Unlike the `ensure_` functions, these only accept the *other* format as
input — {py:func}`~gxformat2.normalized.to_format2` expects native input,
{py:func}`~gxformat2.normalized.to_native` expects Format2 input. Use
`ensure_` when you don't know (or don't care about) the input format.

### Normalized Models

{py:class}`~gxformat2.normalized.NormalizedFormat2` guarantees:
- `steps`, `inputs`, `outputs` are always `list` (never dict)
- Step and input `id` fields are always populated
- Input type shorthands expanded (`"File"` → `"data"`, etc.)
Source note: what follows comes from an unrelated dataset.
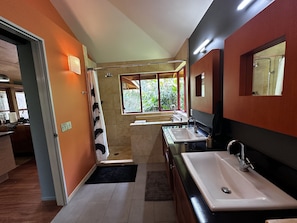 A modern bathroom with a shower, two sinks, and a large window providing natural light. - Tree Top Suite- Beautiful walk to Hanalei Bay (Princeville)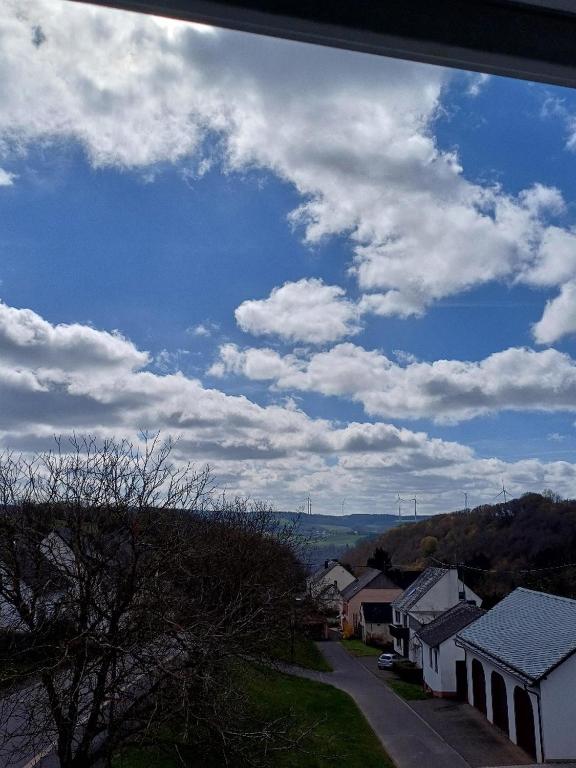 a view of a town with a blue sky and clouds at Ferienwohnung Talblick in Horath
- `doc` fields joined from list to string
- `$graph` multi-workflow documents resolved
- `$link` entries in step `state` resolved — replaced with
  `{"__class__": "ConnectedValue"}` in state, connection source
  added to `step.in_`. After normalization, `step.in_` contains
  ALL connections and `step.state` is clean
- Step `type_` always populated — inferred from context when not
  explicit in the YAML (`run` present → `subworkflow`, otherwise →
  `tool`). Convenience properties `is_tool_step`,
  `is_subworkflow_step`, `is_pause_step`, `is_pick_value_step`,
  and `connected_paths` (frozenset of input ids with a source)
  are also available
- `unique_tools` property returns `frozenset[ToolReference]` of all
  `(tool_id, tool_version)` pairs, recursing into inline subworkflows
  (unresolved `@import`/URL refs are skipped; use expanded models for full coverage)
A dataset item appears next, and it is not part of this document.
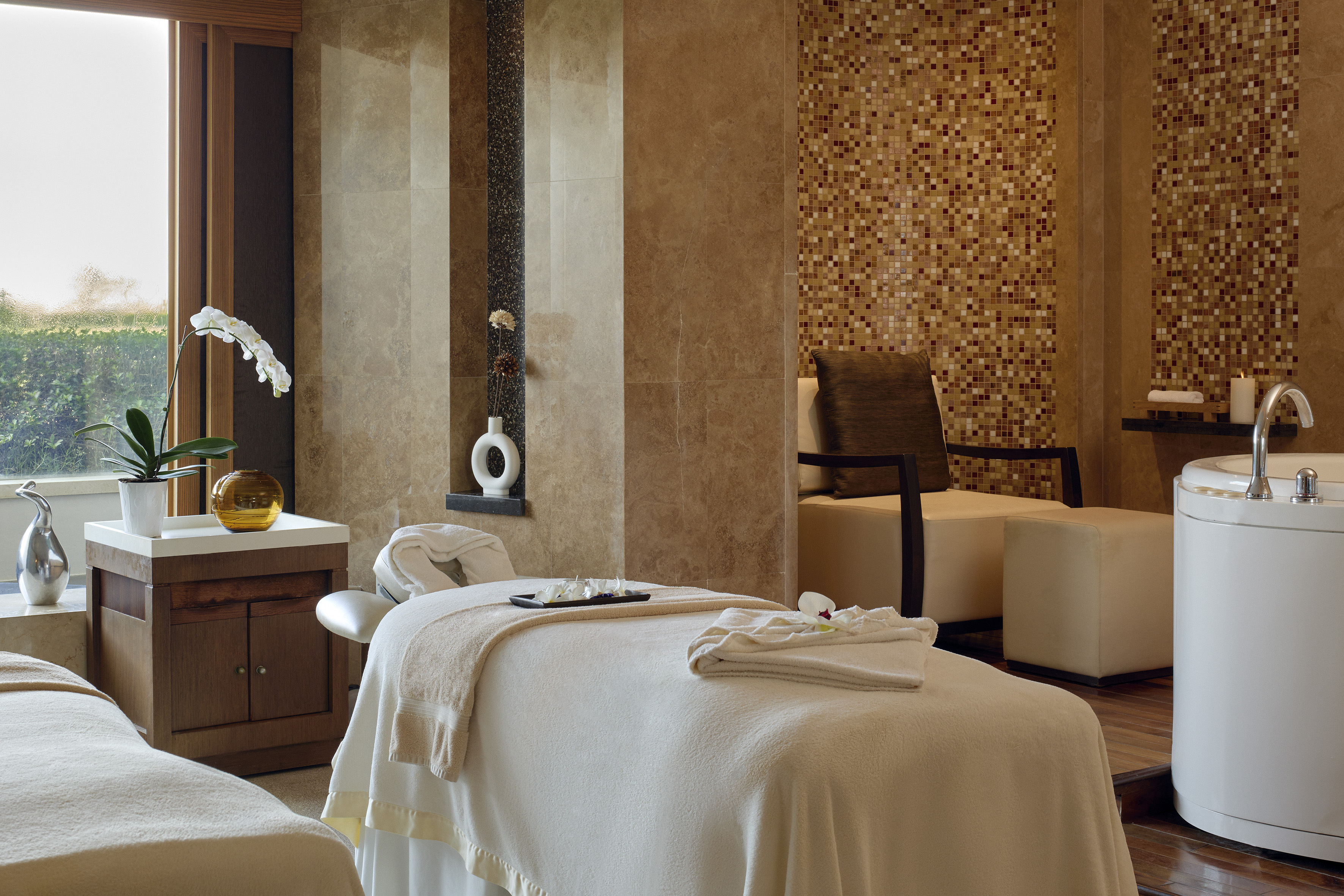 Luxury spa treatment room with massage beds, window view, orchid, and bathtub.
{py:class}`~gxformat2.normalized.NormalizedNativeWorkflow` guarantees:
- `tool_state` always a parsed `dict` (JSON strings auto-decoded)
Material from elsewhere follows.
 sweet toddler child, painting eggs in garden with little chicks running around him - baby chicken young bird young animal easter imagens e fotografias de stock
- Optional containers default to empty (never `None`)
- `input_connections` values always `list[NativeInputConnection]`
  (single connections wrapped during construction — no `isinstance`
  checks needed)
- `connected_paths` property returns `frozenset[str]` of
  `input_connections` keys — O(1) membership test for checking
  whether a state path has an incoming connection
- `unique_tools` property returns `frozenset[ToolReference]` of all
  `(tool_id, tool_version)` pairs, recursing into inline subworkflows
- Tags normalized (empty string → empty list)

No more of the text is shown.